Wednesday, September 12, 2012

Melanie Klein

Melanie Klein (1882-1960)

Background: Melanie Klein was born Melanie Reisez on March 30, 1882 in Vienna to father Moriz Reisez and mother Libussa Reisez (Deutsch). She was the youngest of four children. There was a considerable age difference between her parents, with her mother being younger, and their marriage was her father’s second. The family was mostly nonreligious, but Melanie still acknowledged her Jewish roots. The family endured some financial struggle until Melanie’s grandfather passed away and Moriz received the inheritance. Two of her siblings, Emmanuel and Sidonie, helped to educate Melanie when she was a child, but both died at a young age. Melanie’s father died when she was 18.

Melanie was educated at the gymnasium and aspired to study psychiatric medicine. She began studying Art History at Vienna University, but was married at age 21 before she could receive an academic degree. Melanie then travelled with her husband, Arthur Klein, and had three children. She experienced bouts of depressions throughout her pregnancies and early married life. The family moved to Budapest in 1910. Melanie was exposed to Freud’s work; initially his book On Dreams. She began to form a deep interest in psychoanalysis. Her initial analysis was done under Sandor Ferenczi who encouraged her to use the principles of psychoanalysis to analyze her own children. Her early work closely reflected Freud’s work, but while working with Karl Abraham Melanie began investigating psychoanalysis specifically pertaining to children. In 1922 as Melanie was still working with Abraham, she divorced Arthur Klein.

Melanie’s work in psychology only grew after her divorce.
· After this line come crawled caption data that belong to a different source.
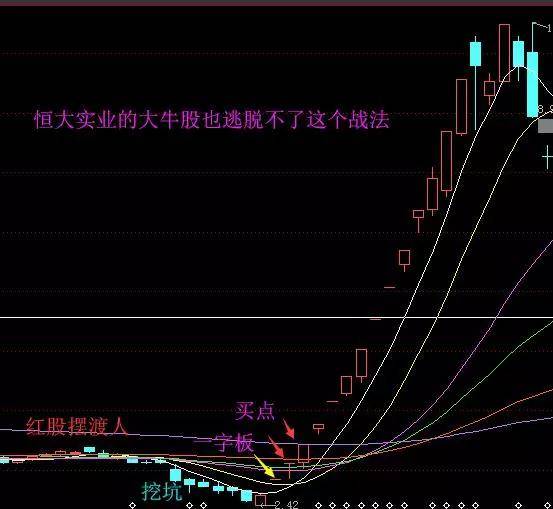 短线经典战法之涨停双响炮战法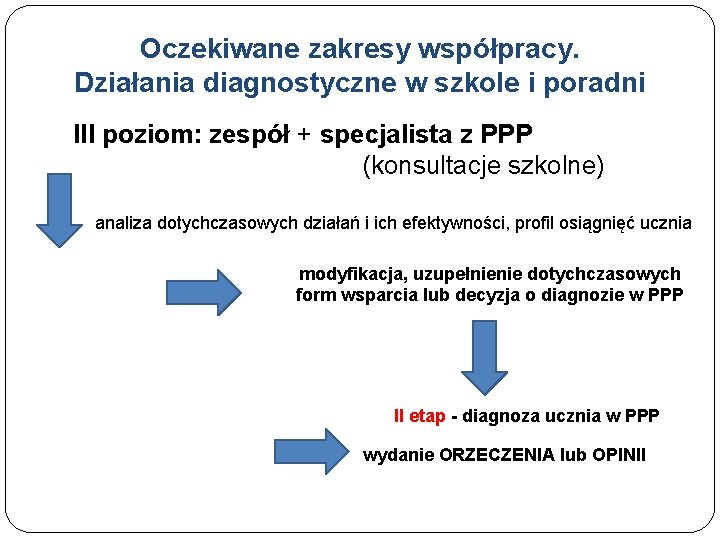 Oczekiwane zakresy współpracy. Działania diagnostyczne w szkole i poradni III poziom: zespół + specjalista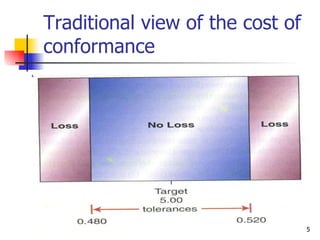 Traditional view of the cost of conformance 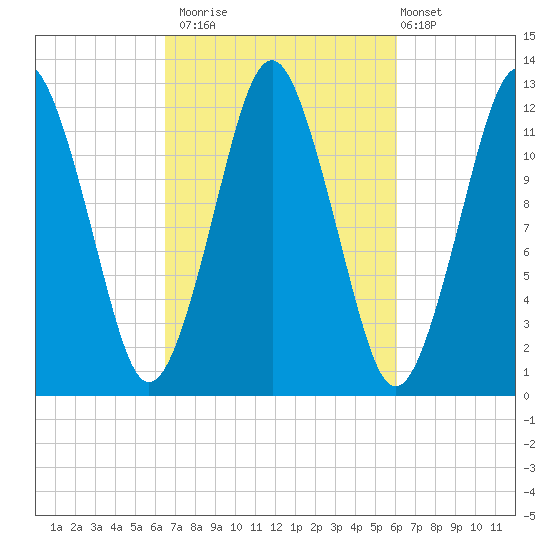 Cutler tide chart for Thursday, October 3, 2024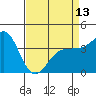 Tide chart for Bechers Bay, Santa Rosa Island, California on 2024/04/13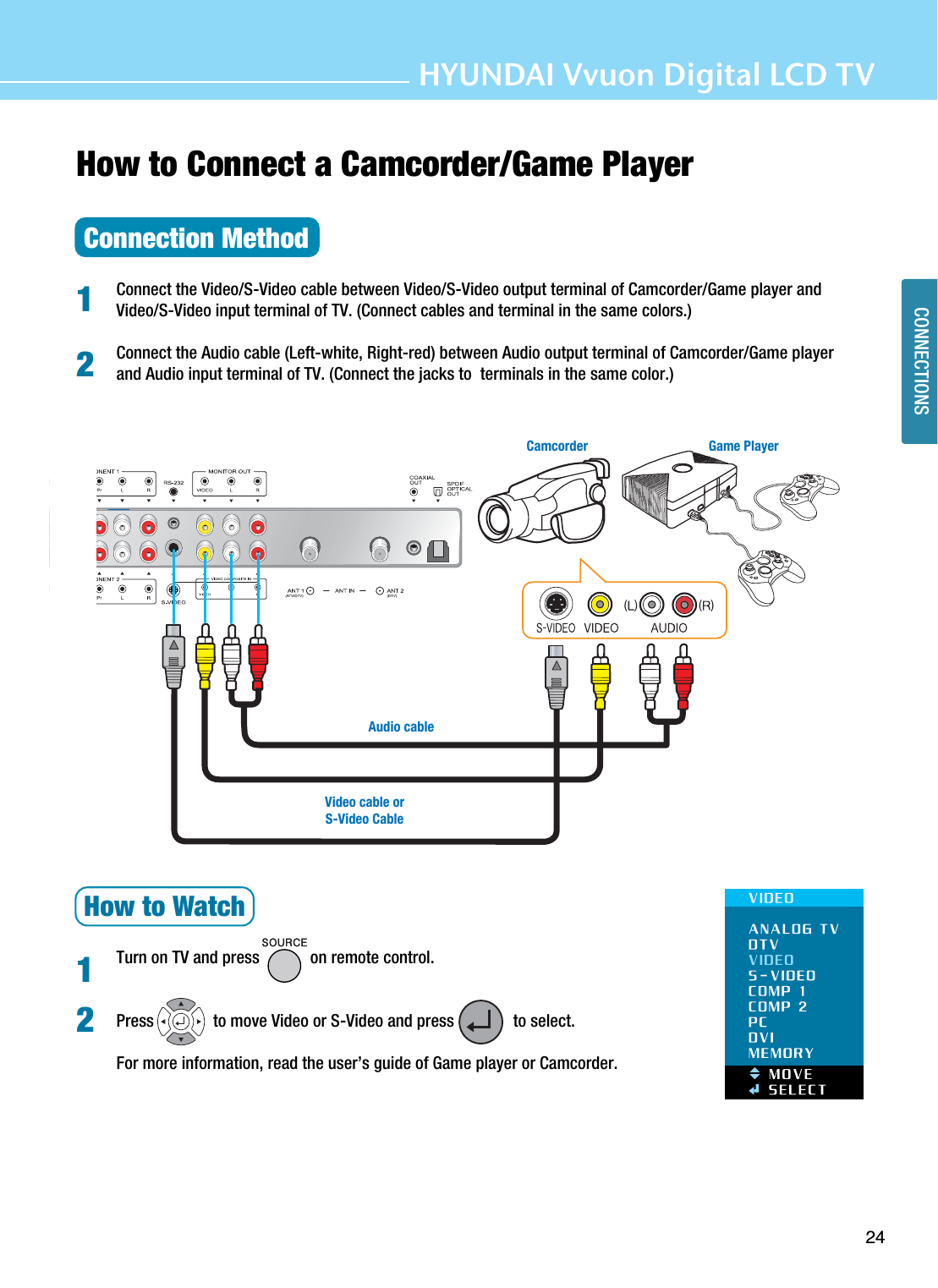 CONNECTIONSHYUNDAI Vvuon Digital LCD TV24How to Connect a Camcorder/Game PlayerConnection MethodConnect the Video/S-Video cable between Video/S-Video output terminal of Camcorder/Game player andVideo/S-Video input terminal of TV. (Connect cables and terminal in the same colors.)Connect the Audio cable (Left-white, Right-red) between Audio output terminal of Camcorder/Game playerand Audio input terminal of TV. (Connect the jacks to  terminals in the same color.)How to WatchTurn on TV and press            on remote control. Press              to move Video or S-Video and press              to select.For more information, read the user’s guide of Game player or Camcorder.1212Game PlayerCamcorderAudio cableVideo cable orS-Video Cable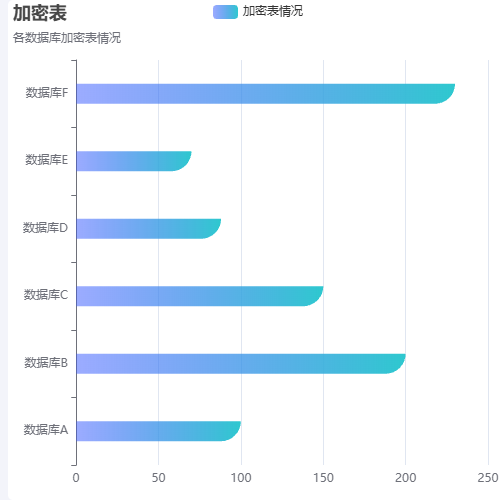 Echarts渐变横向柱图示例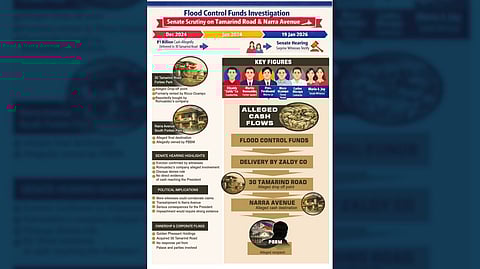 Forbes Park ‘drop-off’ claims shadow Marcos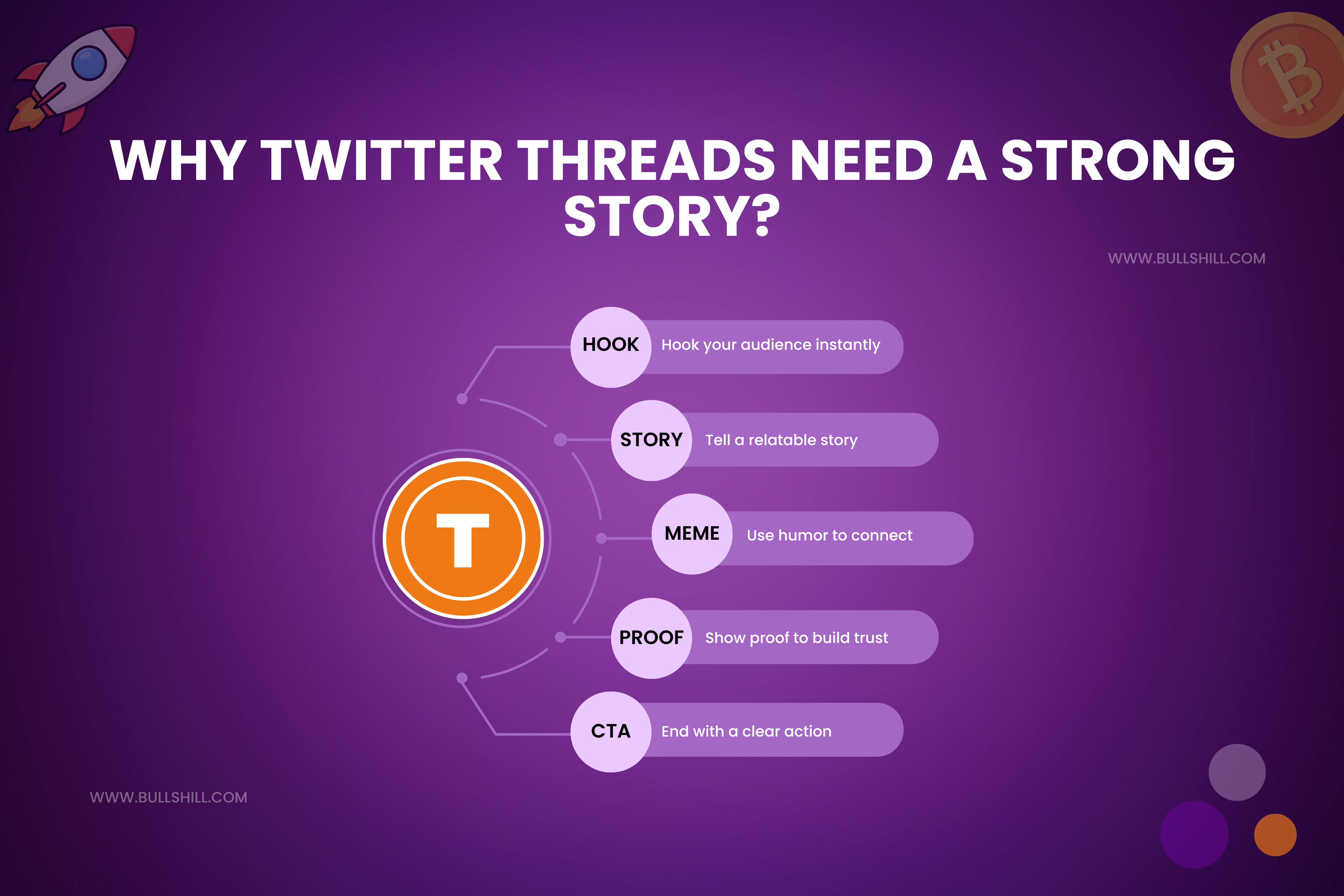 X (Twitter) Threads Need a Narrative, Not Just a Token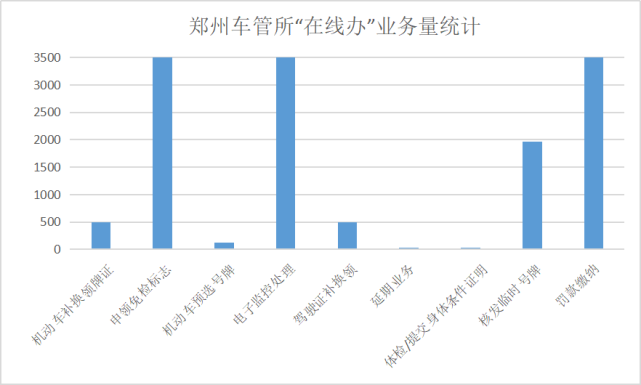 @郑州车主：网上选过车牌号没登记？疫情结束后可继续办理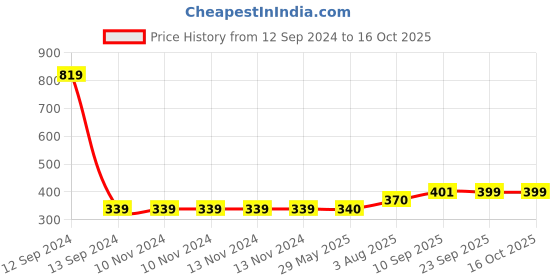 firstcry.com Zyozi 3rd Birthday Decorations Kit Blue - Pack of 50 zyozi Price History Graph from 12 Sep 2024 to 15 Oct 2025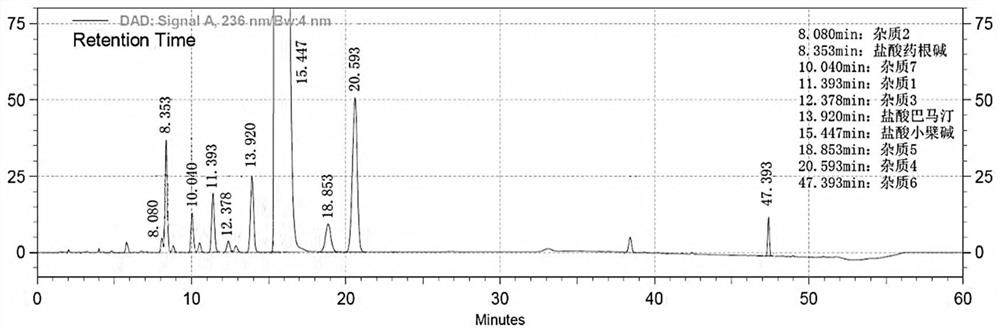 Method for separating and determining berberine and impurities thereof by liquid chromatography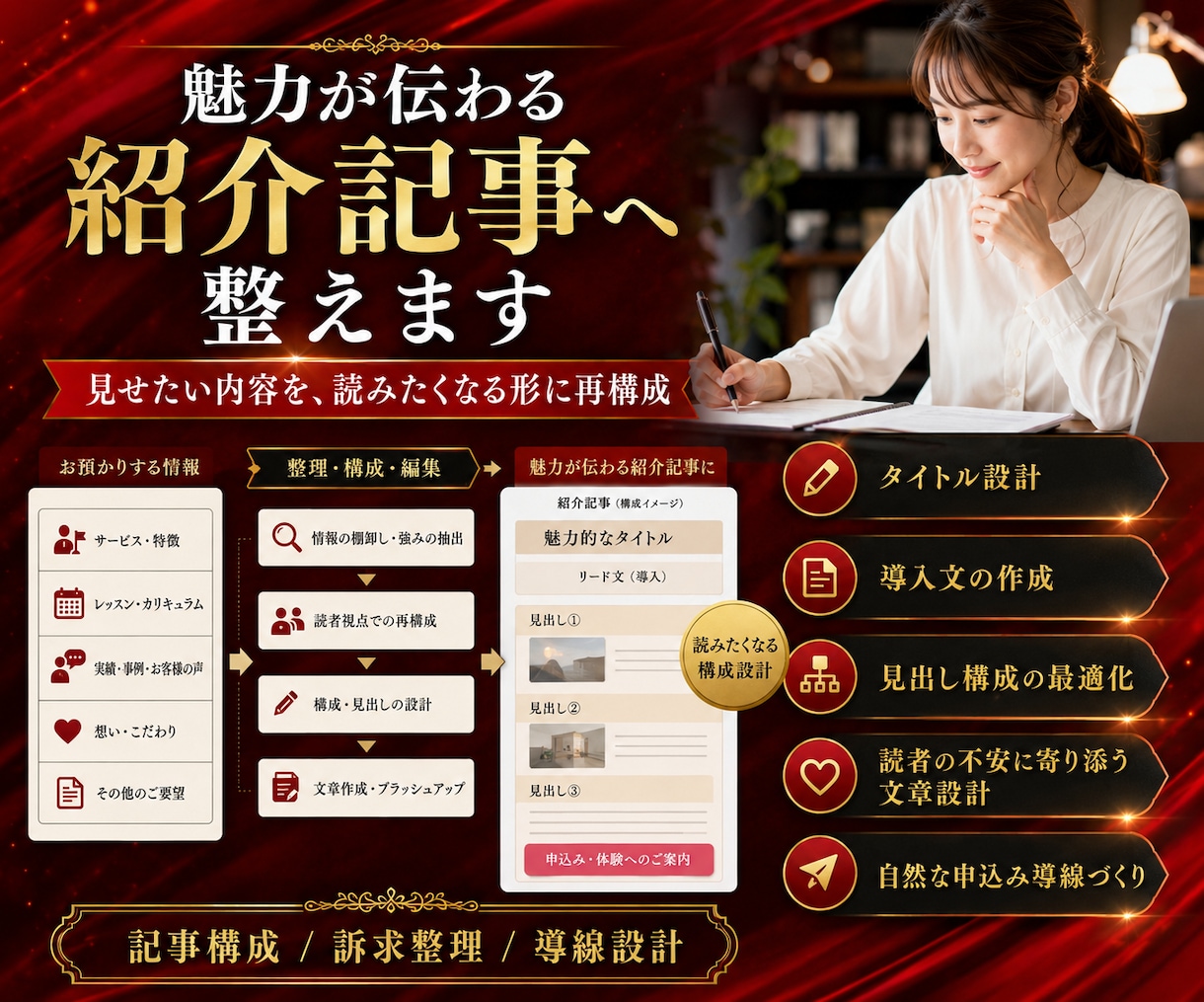 私のブログで広告・宣伝・販促・集客いたします 「AI×WEBサイト運営」の専門メディアでプロモーション! イメージ2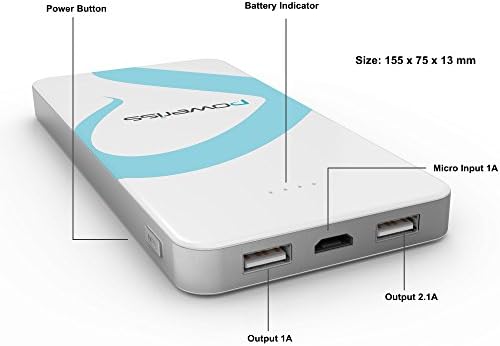 12000mAh Portable Power Charger With Dual USB Ports - Slick Design High Capacity Cell Phone Battery Charger for iPhone 6/5/4, iPad - Light & Easy to Carry - Lifetime Guarantee - Free *BONUSES & APPS*
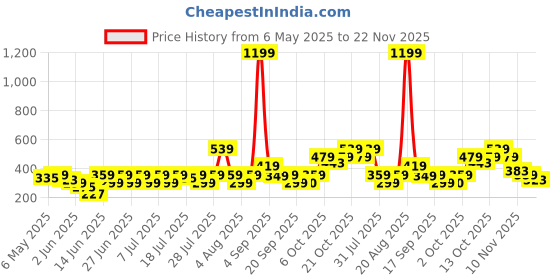 myntra.com NEESH Floral Print Top neesh Price History Graph from 6 May 2025 to 22 Nov 2025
She began working in Berlin at a practice where she treated emotionally disturbed children. Melanie’s work was criticized in Berlin, but she found in England. She was able to give speeches in England that she later used to develop her major literary work The Psychoanalysis of Children (1932). In 1927 Melanie moved to England and also became a member of the British Psychoanalytic Society. Melanie’s daughter Melitta and Melitta’s husband became psychoanalysts who opposed Melanie’s work.  In 1935 Melanie advances other psychological concepts when she reads her paper, “A Contribution to the Psychogenesis of Manic-Depressive States.” This paper introduced the idea of the depressive position. In 1946 the British Society receives Melanie’s paper “Notes on some Schizoid Mechanisms.” This paper contributes her ideas of ego-splitting and projective identification. Her work continued to receive praise and criticism. Much of the criticism can be attributed to Ana Freud’s supporters because Ana held a position that children were unanalyzable. Melanie Klein died on September 22, 1960 from complications of a surgery meant to treat her cancer.

Major Contributions:
Melanie approached the challenges of psychoanalyzing children and developed the play technique to solve them. Melanie was interested in treating children like adults in psychoanalytic treatment, uncovering their unconsciousness, but instead of analyzing their dreams she analyzed their play. This was very important because before her technique was developed young children were considered untreatable. Melanie’s treatment approach is still used worldwide today; as relatively the same technique that she created. Another theoretical contribution is her concept of the depressive position. The depressive position states that because of a child’s development, they form a sense of self while forming a fragmented idea of their mothers. One can love, but also hate their mother. The way to overcome this and form a relationship with their mother is to view their mother as a whole. Some of Melanie’s beliefs were later used by others to form the object relations theory. Her influence can be seen on theories after her time.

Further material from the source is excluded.